EDIT: Ok, all the edits made the layout of the question a bit confusing so I will try to rewrite the question (not changing the content, but improving its structure).
The issue in short
I have an openCL program that works fine, if I compile it as an executable. Now I try to make it callable from Python using boost.python
. However, as soon as I exit Python (after importing my module), python crashes.
The reason seems to have something to do with
statically storing only GPU CommandQueues and their release mechanism when the program terminates
MWE and setup
Setup
IDE used: Visual Studio 2015
OS used: Windows 7 64bit
Python version: 3.5
AMD OpenCL APP 3.0 headers
cl2.hpp
directly from Khronos as suggested here: empty openCL program throws deprecation warningAlso I have an Intel CPU with integrated graphics hardware and no other dedicated graphics card
I use version 1.60 of the boost library compiled as 64-bit versions
The boost dll I use is called:
boost_python-vc140-mt-1_60.dll
The openCL program without python works fine
The python module without openCL works fine
MWE
#include <vector>
#define CL_HPP_ENABLE_EXCEPTIONS
#define CL_HPP_TARGET_OPENCL_VERSION 200
#define CL_HPP_MINIMUM_OPENCL_VERSION 200 // I have the same issue for 100 and 110
#include "cl2.hpp"
#include <boost/python.hpp>
using namespace std;
class TestClass
{
private:
std::vector<cl::CommandQueue> queues;
TestClass();
public:
static const TestClass& getInstance()
{
static TestClass instance;
return instance;
}
};
TestClass::TestClass()
{
std::vector<cl::Device> devices;
vector<cl::Platform> platforms;
cl::Platform::get(&platforms);
//remove non 2.0 platforms (as suggested by doqtor)
platforms.erase(
std::remove_if(platforms.begin(), platforms.end(),
[](const cl::Platform& platform)
{
int v = cl::detail::getPlatformVersion(platform());
short version_major = v >> 16;
return !(version_major >= 2);
}),
platforms.end());
//Get all available GPUs
for (const cl::Platform& pl : platforms)
{
vector<cl::Device> plDevices;
try {
pl.getDevices(CL_DEVICE_TYPE_GPU, &plDevices);
}
catch (cl::Error&)
{
// Doesn't matter. No GPU is available on the current machine for
// this platform. Just check afterwards, that you have at least one
// device
continue;
}
devices.insert(end(devices), begin(plDevices), end(plDevices));
}
cl::Context context(devices[0]);
cl::CommandQueue queue(context, devices[0]);
queues.push_back(queue);
}
int main()
{
TestClass::getInstance();
return 0;
}
BOOST_PYTHON_MODULE(FrameWork)
{
TestClass::getInstance();
}
Calling program
So after compiling the program as a dll
I start python and run the following program
import FrameWork
exit()
While the import works without issues, python crashes on exit()

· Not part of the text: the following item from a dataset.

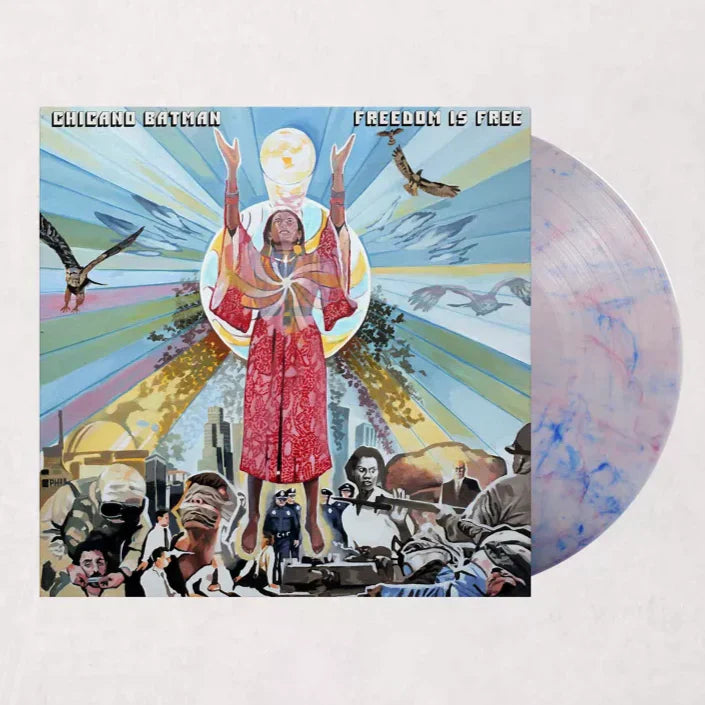Chicano Batman "Freedom Is Free" LP (Pink & Blue Splatter)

. So I click on debug and Visual Studio tells me there was an exception in the following code section (in cl2.hpp
):
template <>
struct ReferenceHandler<cl_command_queue>
{
static cl_int retain(cl_command_queue queue)
{ return ::clRetainCommandQueue(queue); }
static cl_int release(cl_command_queue queue) // -- HERE --
{ return ::clReleaseCommandQueue(queue); }
};
If you compile the above code instead as a simple executable, it works without issues. Also the code works if one of the following is true:
CL_DEVICE_TYPE_GPU
is replaced byCL_DEVICE_TYPE_ALL
the line
queues.push_back(queue)
is removed
Question
So what could be the reason for this and what are possible solutions? I suspect it has something to do with the fact that my testclass is static, but since it works with the executable I am at a loss what is causing it.